=== Your goal ===
Starting from the line containing "Room, 2 Double", give again every line through the end of the entries, word for word. Pictures stay out of the copy.

=== Exercise data ===
◆ ◆ ◆

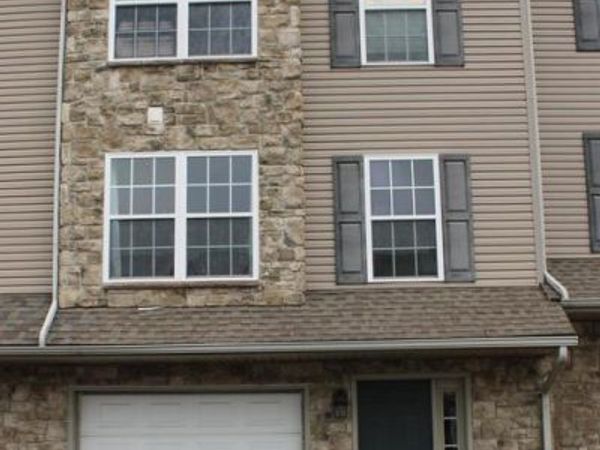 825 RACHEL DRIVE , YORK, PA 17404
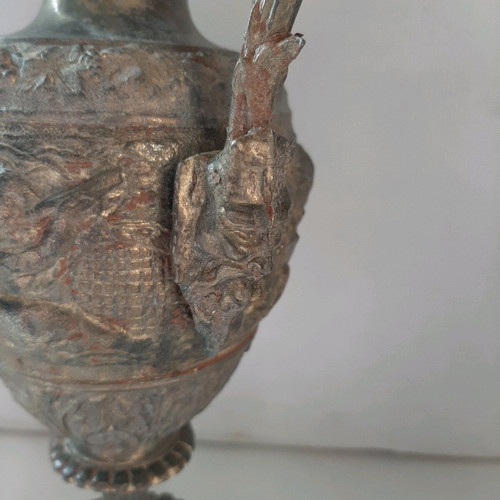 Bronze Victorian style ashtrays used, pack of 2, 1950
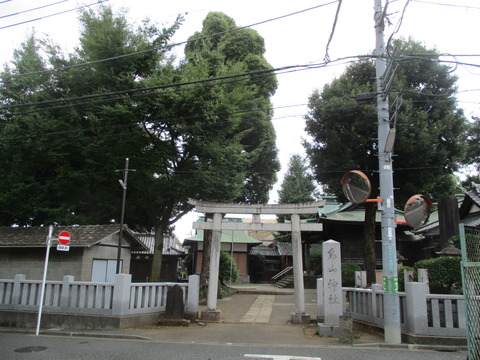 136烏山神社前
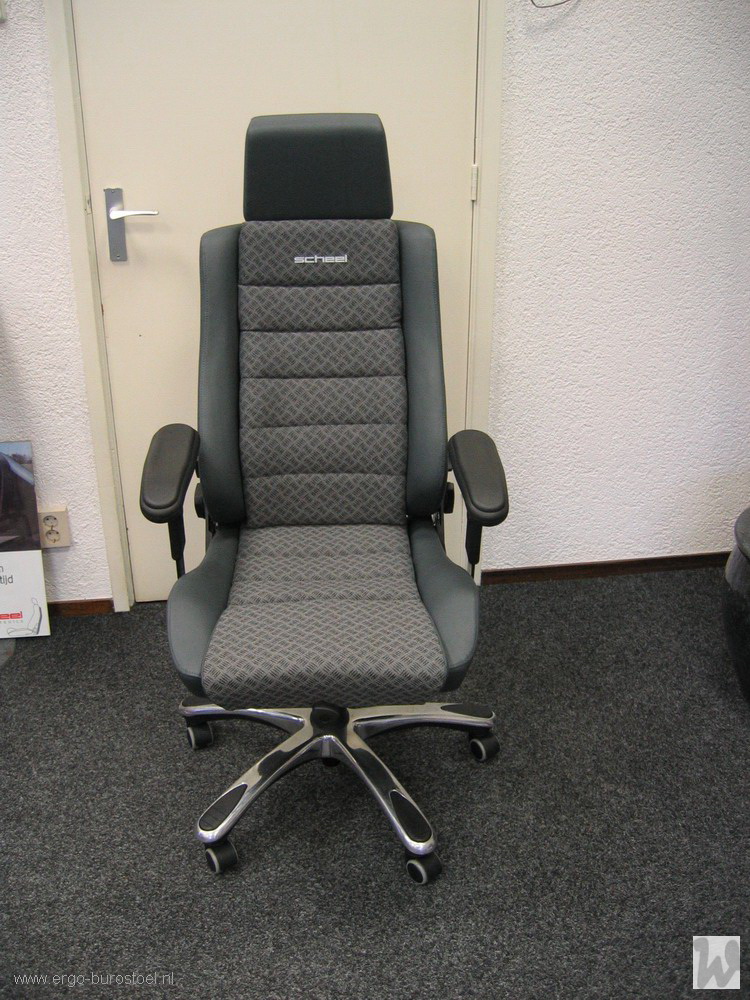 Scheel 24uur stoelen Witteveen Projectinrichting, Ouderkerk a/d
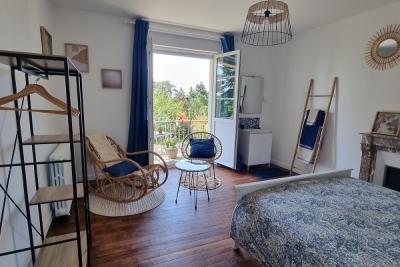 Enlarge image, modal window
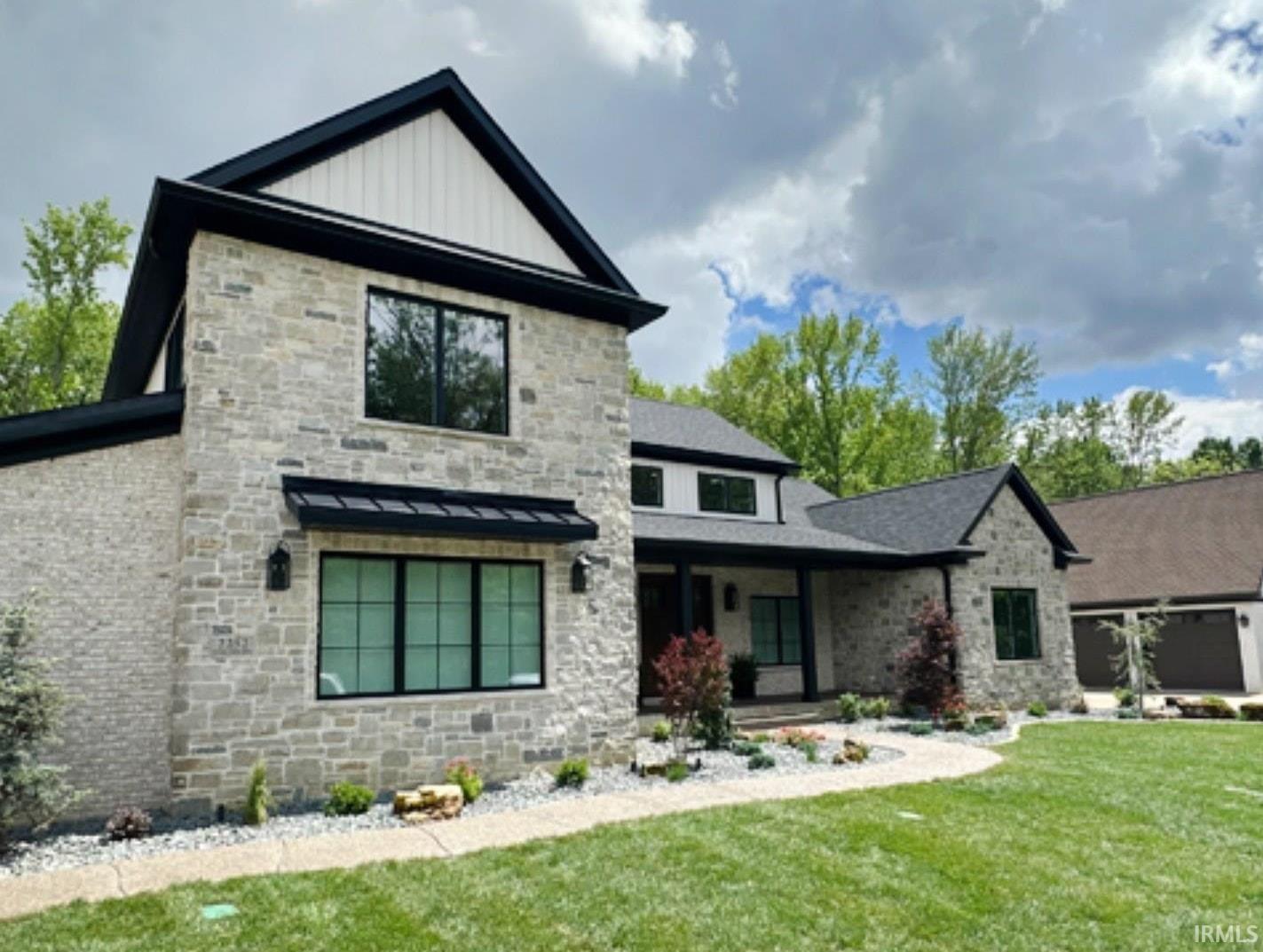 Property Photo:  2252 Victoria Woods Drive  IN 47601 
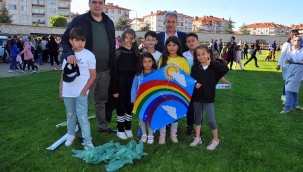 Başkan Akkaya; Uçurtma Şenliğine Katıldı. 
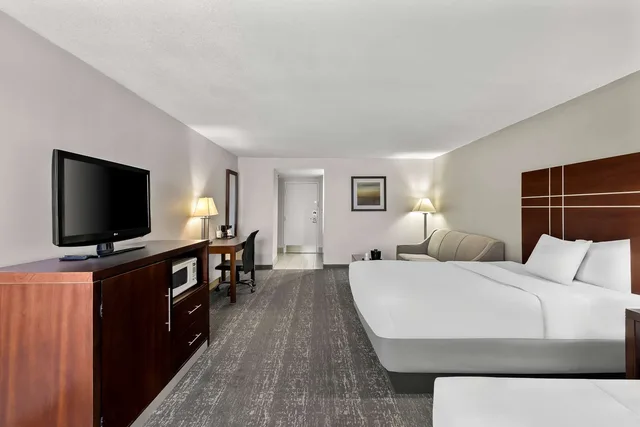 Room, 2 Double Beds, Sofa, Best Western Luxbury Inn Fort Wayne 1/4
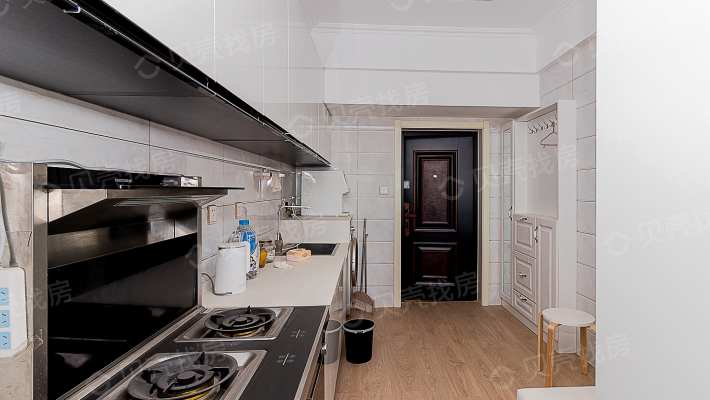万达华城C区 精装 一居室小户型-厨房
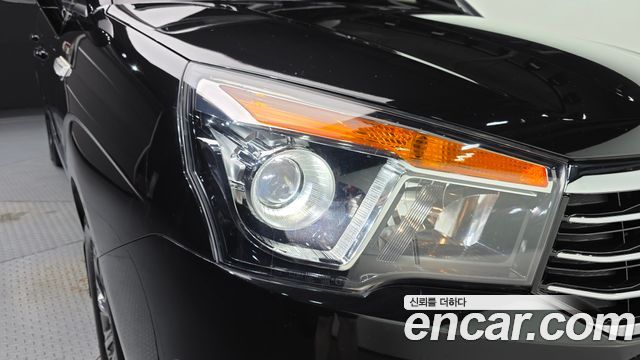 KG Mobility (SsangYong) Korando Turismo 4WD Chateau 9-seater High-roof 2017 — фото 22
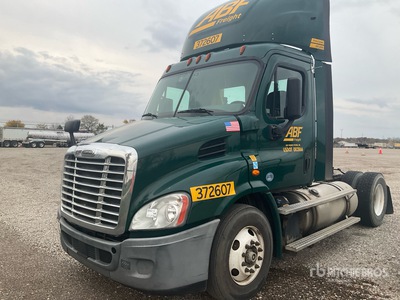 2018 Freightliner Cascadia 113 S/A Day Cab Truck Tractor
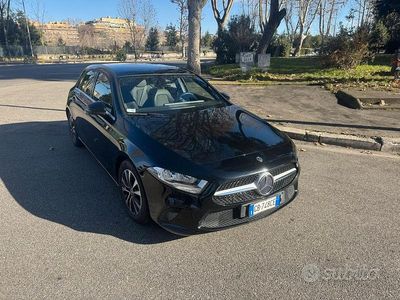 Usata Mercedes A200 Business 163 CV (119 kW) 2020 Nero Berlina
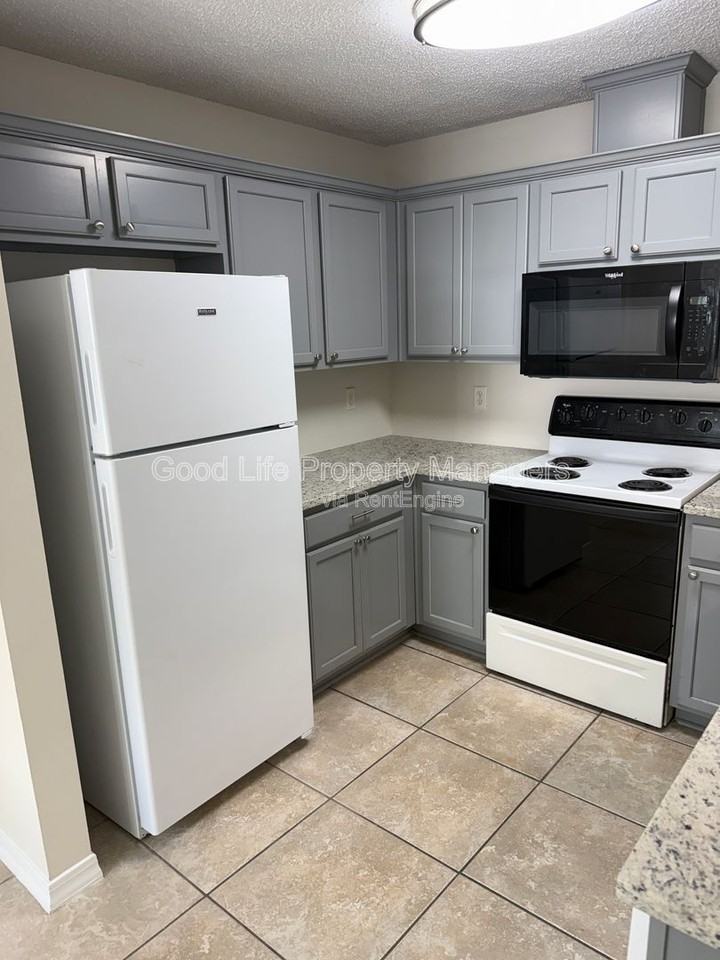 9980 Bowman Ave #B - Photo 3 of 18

◆ ◆ ◆

=== Expected answer ===
 Room, 2 Double Beds, Sofa, Best Western Luxbury Inn Fort Wayne 1/4
万达华城C区 精装 一居室小户型-厨房
 KG Mobility (SsangYong) Korando Turismo 4WD Chateau 9-seater High-roof 2017 — фото 22
 2018 Freightliner Cascadia 113 S/A Day Cab Truck Tractor
 Usata Mercedes A200 Business 163 CV (119 kW) 2020 Nero Berlina
 9980 Bowman Ave #B - Photo 3 of 18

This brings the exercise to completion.